| RECORDED DATA |
■ ■ ■
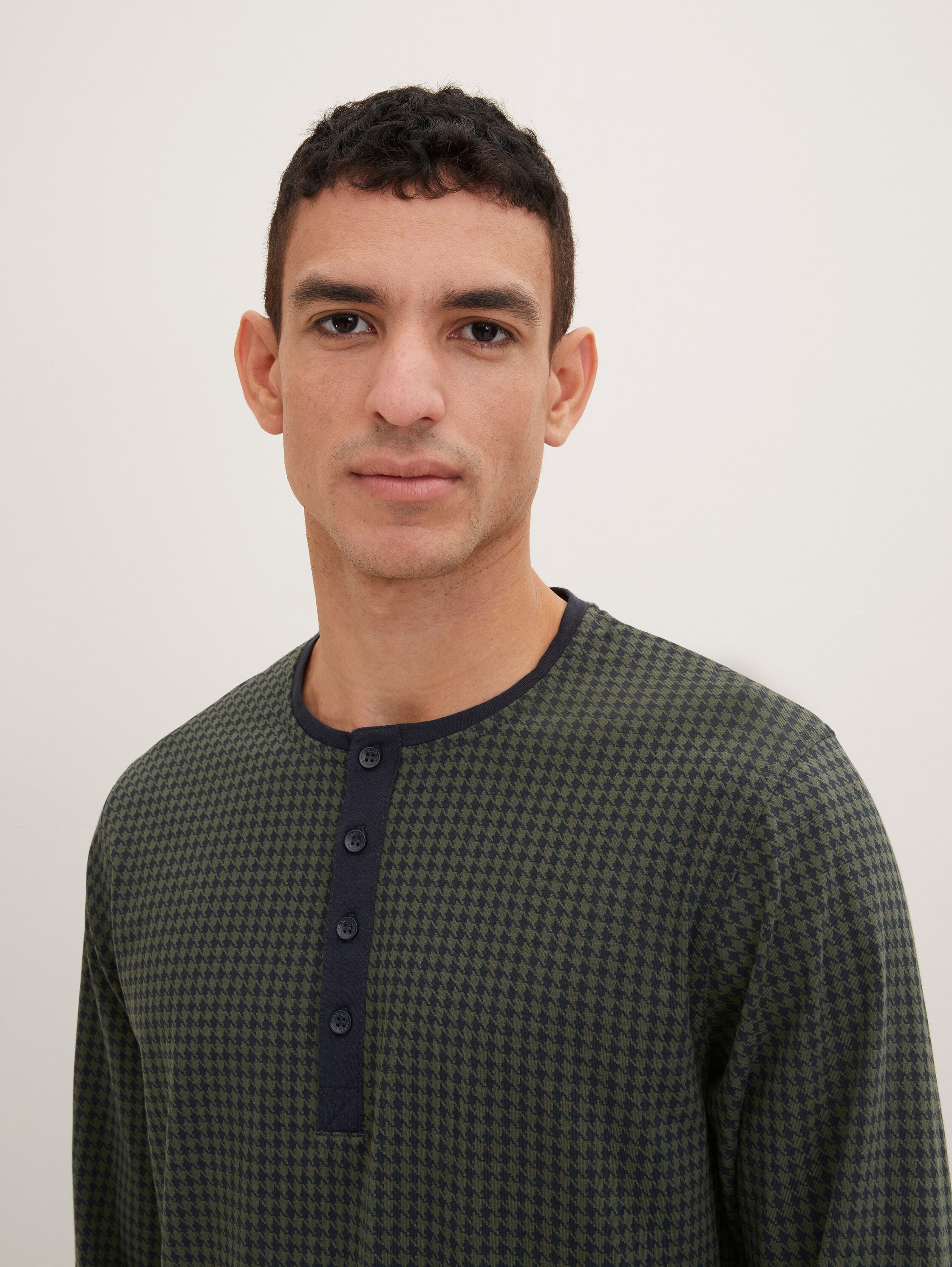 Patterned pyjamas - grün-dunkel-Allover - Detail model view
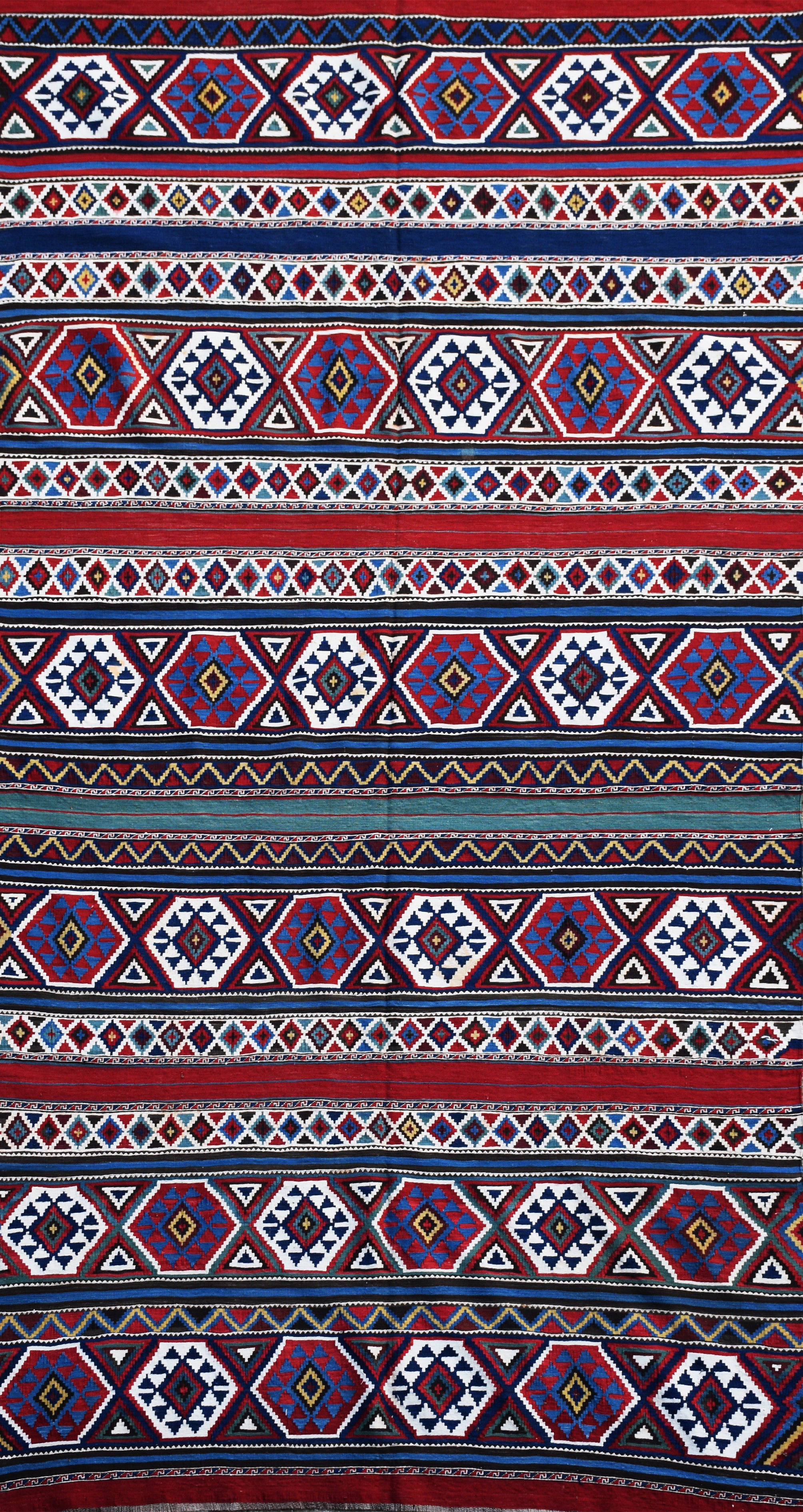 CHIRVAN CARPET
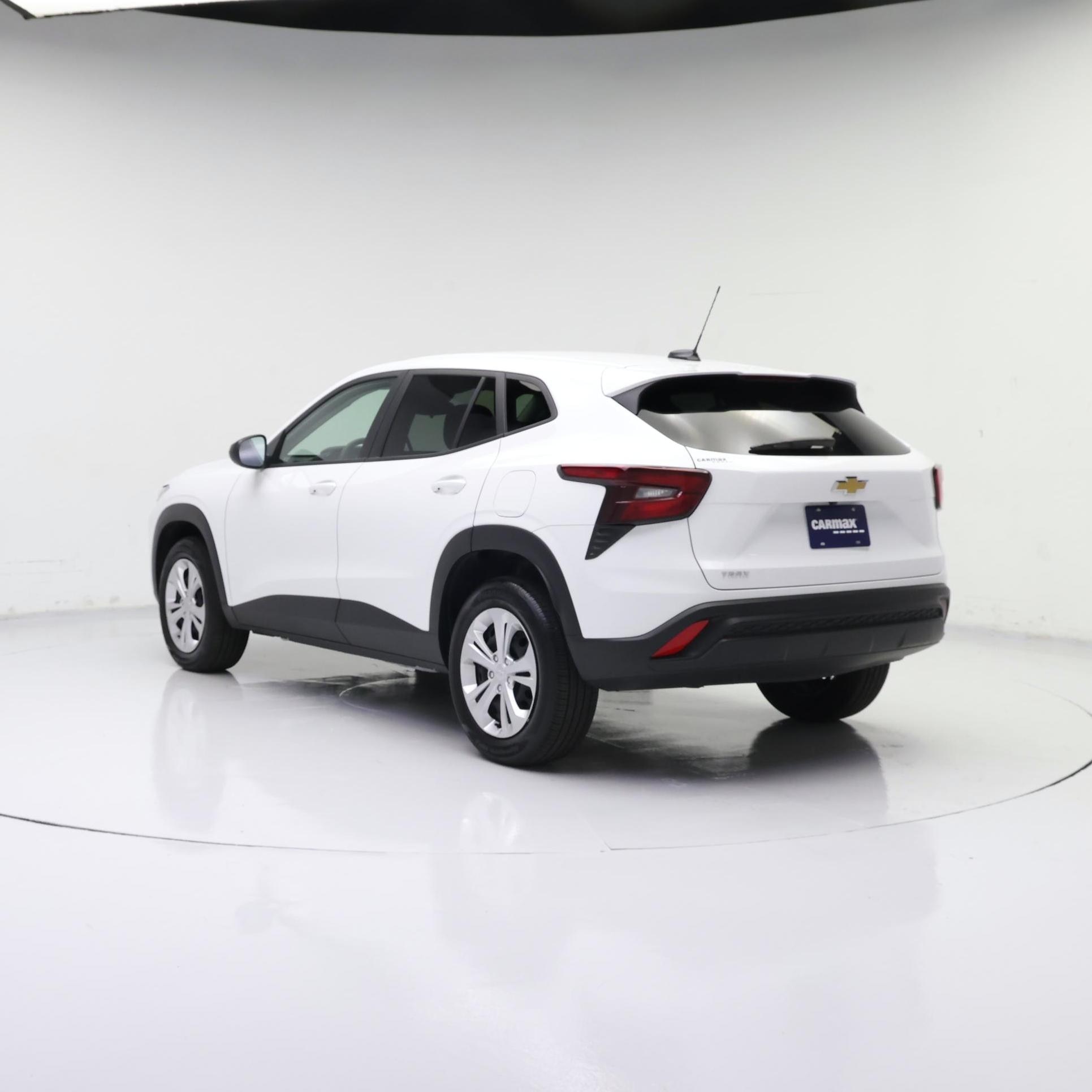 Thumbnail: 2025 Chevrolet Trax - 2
■ ■ ■
| TASK GOAL |
When you write out the material above, keep every line exact and drop each picture.

| TASK OUTPUT |
 Patterned pyjamas - grün-dunkel-Allover - Detail model view
 CHIRVAN CARPET
 Thumbnail: 2025 Chevrolet Trax - 2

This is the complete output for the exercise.